◆ **Exercise requirements**
The response should contain all of the data below, reproduced exactly, and no pictures.

◆ **Collected data**
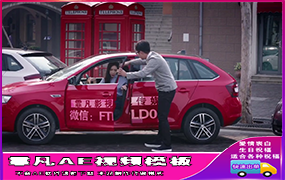 B840搭讪美女停车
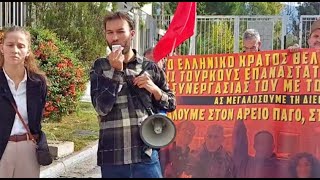 EviaZoom.gr - Έξω από το Υπουργείο Δικαιοσύνης: Κατήγγειλαν στημένη δίκη στα Δικαστήρια Χαλκίδας...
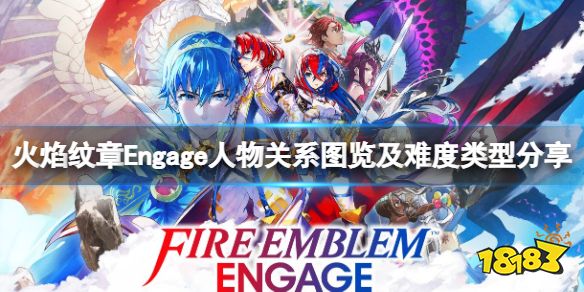 火焰纹章人物关系图览及难度类型分享 Engage各角色什么关系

◆ **Solution for this problem**
 B840搭讪美女停车
 EviaZoom.gr - Έξω από το Υπουργείο Δικαιοσύνης: Κατήγγειλαν στημένη δίκη στα Δικαστήρια Χαλκίδας...
 火焰纹章人物关系图览及难度类型分享 Engage各角色什么关系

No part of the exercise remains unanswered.